The training accuracy is now 0.75-0.90 per batch, but dev accuracy stays 0.61-0.71, as it was in epoch 2, except in epoch 2 the performance was more consistent.
@kellymarchisio There is no obvious error for your configuration.
@ZhenYangIACAS thanks for taking a look. To verify, should dis_positive_data, dis_negative_data, etc. look like regular sentences like:
This is a sentence .
Or do I have to pad the text file sent to the config so they look like:
<S> This is a sentence . </S> <PAD> <PAD> <PAD>...
I believe I've tried both, but your verification would be helpful.
@kellymarchisio You do not need to add the padding to the files manually. The code will do it automatically.
@ZhenYangIACAS Thank you for the clarification. According to your paper, I won't be able to reproduce the GAN training unless I get 82% accuracy. A few quick related questions:
I am sure that all of the parameters which show much effect on the translation performance are described detailed in our paper. We did not use pre-trained word embeddings. You can find the initialization method in our code. I remember that when we use the Transformer as the generator, the accuracy is hard to get to more than 90%. For your problem, it seems that a bug exists, but I am not sure.
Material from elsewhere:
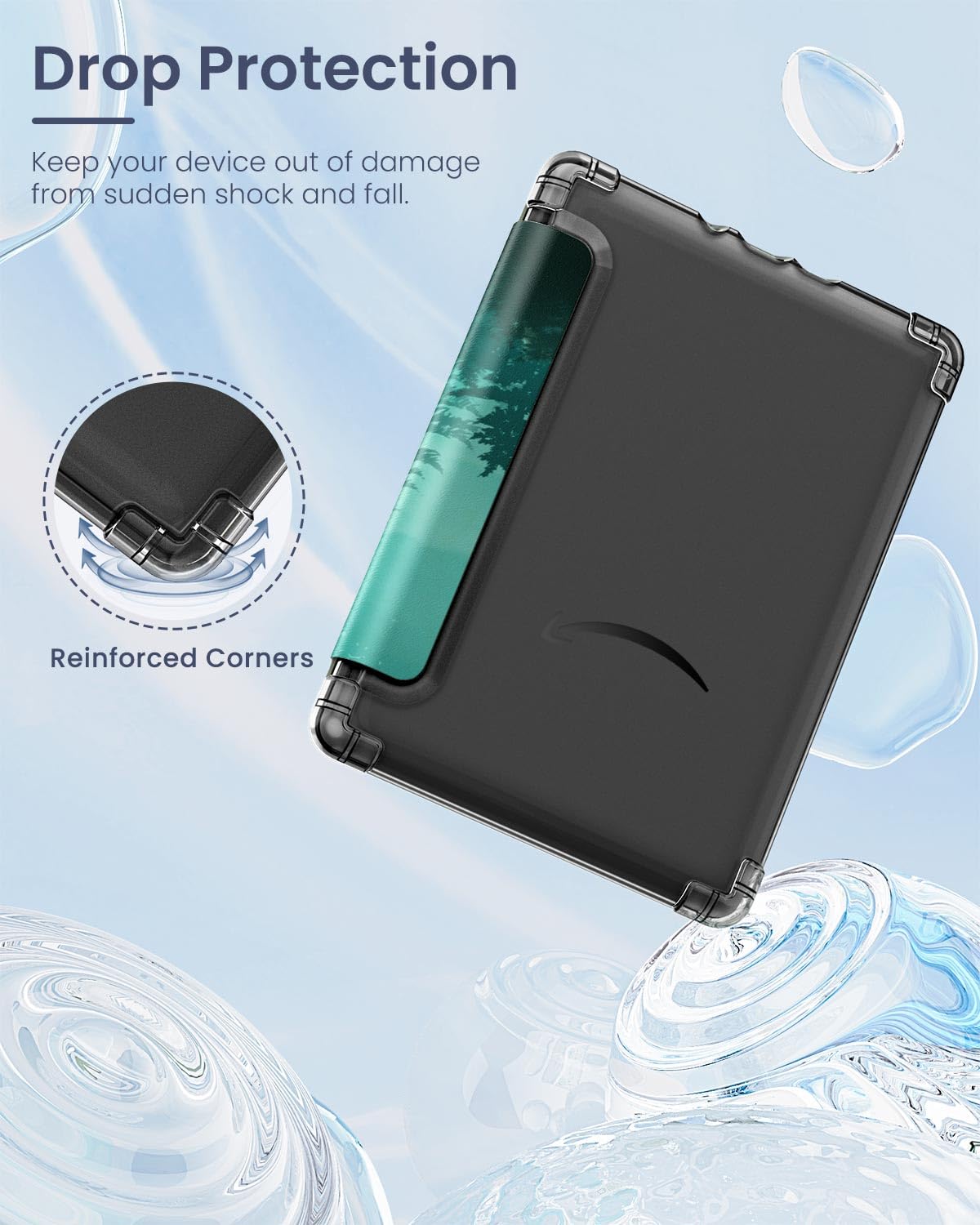 MoKo Case for 6" Kindle (11th Generation-2024/2022 Release) - Image 3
@kellymarchisio How did you find dev accuracy in discriminator? I am using transformer as a generator. Code for finding dev accuracy is commented in cnn_discriminator.py file. I used this code but it shows several values in validation accuracy and they vary a lot.
@kellymarchisio Hi,Can you show me your data sample in config_discriminator_pretrain.yaml?for example,dis_positive_data dis_negative_data and so on. thanks
@ZhenYangIACAS Hi, I see many data sample in config_discriminator_pretrain.yaml,for example: dis_positive_data,dis_negative_data,dis_dev_positive_data and so on,Can you tell me what means about this data? What data do I need to prepare if Iwant to run the code successfully? Thanks!!!!!
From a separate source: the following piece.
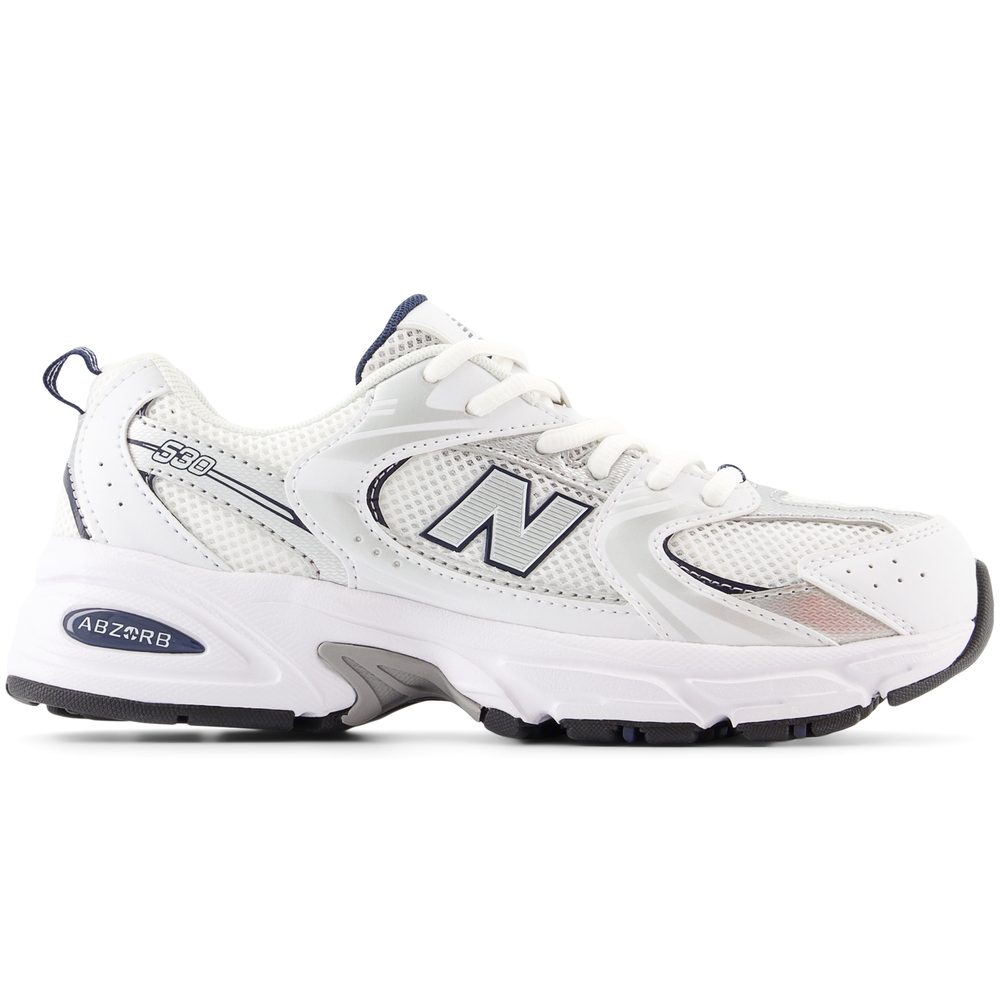 Buty dziecięce New Balance GR530SB1 – białe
@ @luckper dis_positive_data is the positive data for training the discriminator and dis_negative_data is the negative data for training the discriminator. dis_dev_positive_data is the development data for training discriminator, and so on...For understanding these files, I suggest that you should scan gan_train.py. Some files are what you should prepare beforehand, and some other files are generated automatically. I notice that so many files are a little messy for the users. We will re-construct our codes if we have free time.
@ZhenYangIACAS OK,pass your suggestion,I scan gan_train.py . However, I still have some questions. First, where dis_dev_positive_data , dis_dev_negative_data , dis_dev_source_data come from? And what is different from dis_positive_data,dis_negative_data,dis_source_data? Thanks!!!!!
@luckper I think it is easy to get the development data sets. We just randomly sampled 200 sentences from the dis_positive_data to get the dis_dev_positive_data, and similarly, we get the corresponding dis_negative_data and dis_source_data.
@ZhenYangIACAS Hi, I run the generate_sample.sh, but some errors have occurred:
Instructions for updating:
Use argmax
instead
using rmsprop for g_loss
Traceback (most recent call last):
File "generate_samples.py", line 60, in argmax
instead
INFO:root:using rmsprop for g_loss
@ZhenYangIACAS @luckper have you solved "KeyError: 'generator'" error.
I'm hoping for clarification on the files passed into config_discriminator.yaml.
As I understand it:
Is my understanding correct? Can you please provide clarification on how the files in the discriminator pretraining are created?
For context, I am trying to solve an issue where when running the discriminator pretraining, my loss falls to 2-3, but the accuracy always oscillates around 0.5 - even after 700K steps.